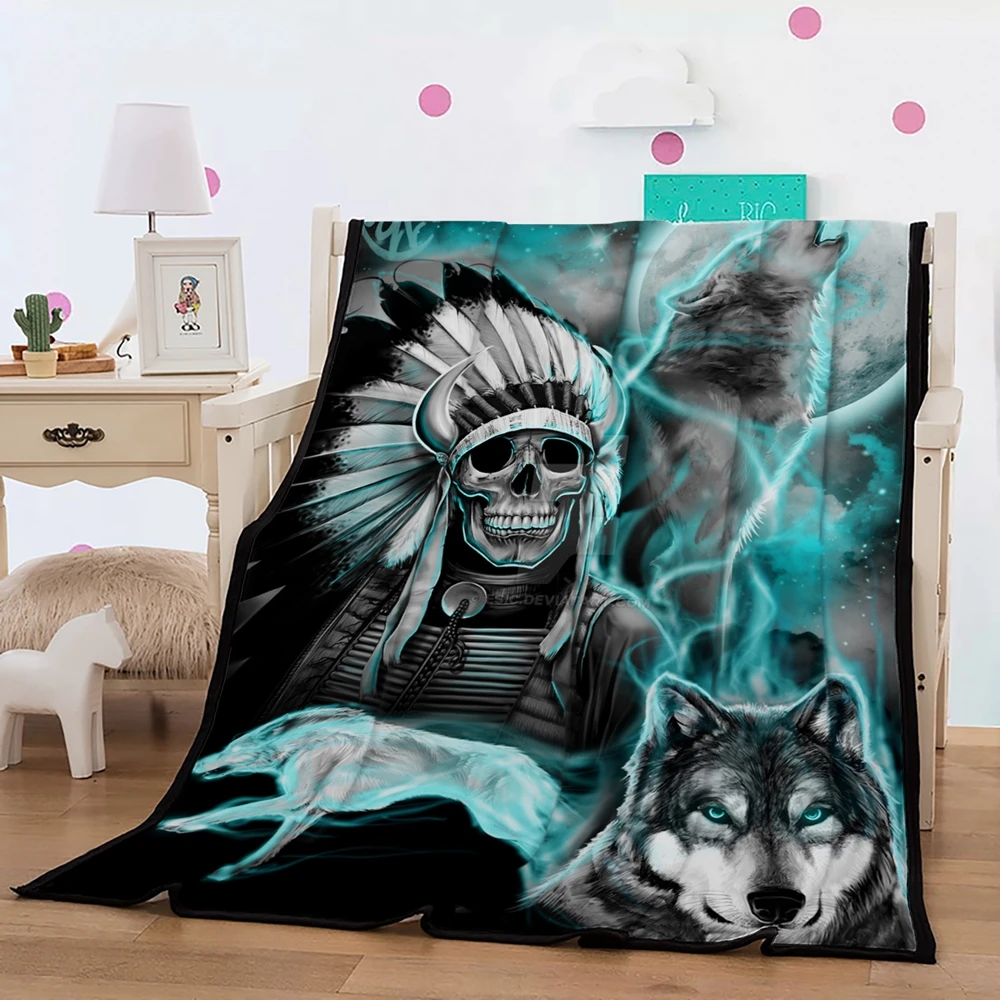 

BEST.WENSD Western Halloween bedding winter summer blanket Indian skull throw blanket large cotton Wolf bed cover blanket mantas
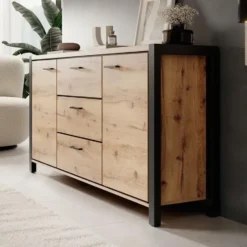 Meubella - Dressoir Acapulco - Eiken - Zwart - 180 cm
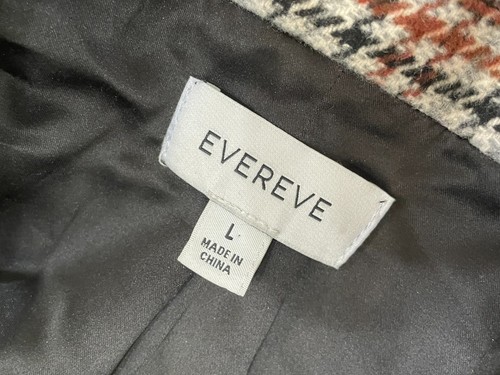 Evereve Bowden Blazer Suit Jacket Women's L Gray Houndstooth Elbow Patch 1Button - Picture 7 of 9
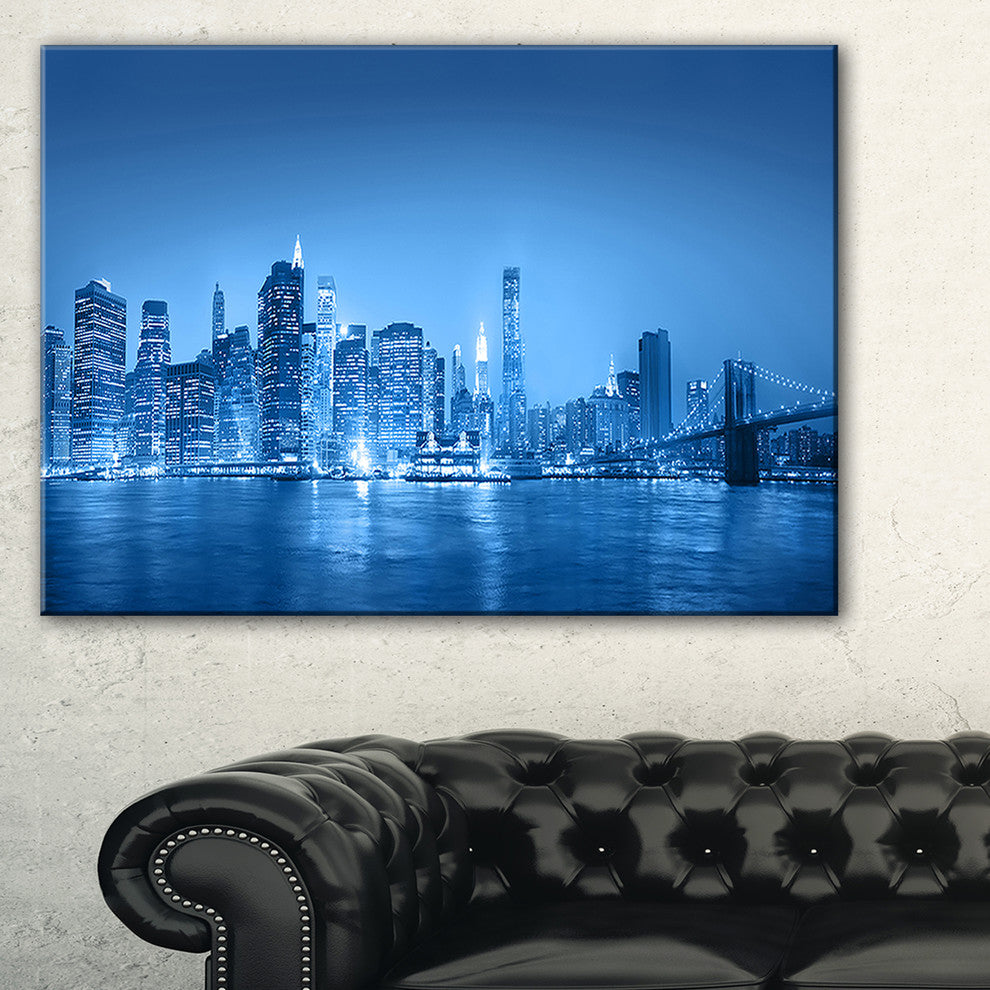 "Blue" Panorama of New York City" Canvas Print60"x28", 1 Panel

________________________________________

» **TASK OBJECTIVE**: Give back all of the data exactly, but not the pictures.

» **RESPONSE TO THE EXERCISE**:
BEST.WENSD Western Halloween bedding winter summer blanket Indian skull throw blanket large cotton Wolf bed cover blanket mantas
 Meubella - Dressoir Acapulco - Eiken - Zwart - 180 cm
 Evereve Bowden Blazer Suit Jacket Women's L Gray Houndstooth Elbow Patch 1Button - Picture 7 of 9
 "Blue" Panorama of New York City" Canvas Print60"x28", 1 Panel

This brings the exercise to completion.